# 6.3: One-to-One Functions

- Page ID
- 8416

We distinguish two special families of functions: the one-to-one functions and the onto functions. We shall discuss one-to-one functions in this section, and onto functions in the next.

Definition: Injection

A function \({f}:{A}\to{B}\) is said to be ** one-to-one** if

\[x_1\neq x_2 \Rightarrow f(x_1)\neq f(x_2) \nonumber\]

for all elements \(x_1,x_2\in A\). A one-to-one function is also called an ** injection**, and we call a function

**if it is one-to-one. A function that is not one-to-one is referred to as**

*injective***.**

*many-to-one*Any well-defined function is either one-to-one or many-to-one. A function cannot be one-to-many because no element can have multiple images. The difference between one-to-one and many-to-one functions is whether there exist distinct elements that share the same image. There are no repeated images in a one-to-one function.

Example \(\PageIndex{1}\label{eg:oneonefcn-01}\)
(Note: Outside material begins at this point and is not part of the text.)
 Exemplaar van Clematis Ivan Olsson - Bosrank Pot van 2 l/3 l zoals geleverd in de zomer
The ** identity function** on any nonempty set \(A\) \[{i_A}:{A}\to{A}, \qquad i_A(x)=x, \nonumber\] maps any element back to itself. It is clear that all identity functions are one-to-one.

Example \(\PageIndex{2}\label{eg:oneonefcn-02}\)
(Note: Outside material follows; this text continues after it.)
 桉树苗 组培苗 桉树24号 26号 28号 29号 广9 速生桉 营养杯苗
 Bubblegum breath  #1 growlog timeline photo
The function \( h : {A}\to{A}\) defined by \(h(x)=c\) for some fixed element \(c\in A\), is an example of a ** constant function**. It is a function with only one image. This is the exact opposite of an identity function. It is clearly

*not*one-to-one unless \(|A|=1\).

For domains with a small number of elements, one can use inspection on the images to determine if the function is one-to-one. This becomes impossible if the domain contains a larger number of elements.

In practice, it is easier to use the *contrapositive *of the definition to test whether a function is one-to-one:

\[f(x_1) = f(x_2) \Rightarrow x_1 = x_2 \nonumber\]

Example \(\PageIndex{3}\label{eg:oneonefcn-03}\)

Is the function \( f : {\mathbb{R}}\to{\mathbb{R}}\) defined by \(f(x)=3x+2\) one-to-one?

**Solution**-
Assume \(f(x_1)=f(x_2)\), which means \[3x_1+2 = 3x_2+2. \nonumber\] Thus \(3x_1=3x_2\), which implies that \(x_1=x_2\). Therefore \(f\) is one-to-one.

exercise \(\PageIndex{1}\label{he:oneonefcn-01}\)

Determine whether the function \( g : {\mathbb{R}}\to{\mathbb{R}}\) defined by \(g(x)=5-7x\) is one-to-one.

exercise \(\PageIndex{2}\label{he:oneonefcn-02}\)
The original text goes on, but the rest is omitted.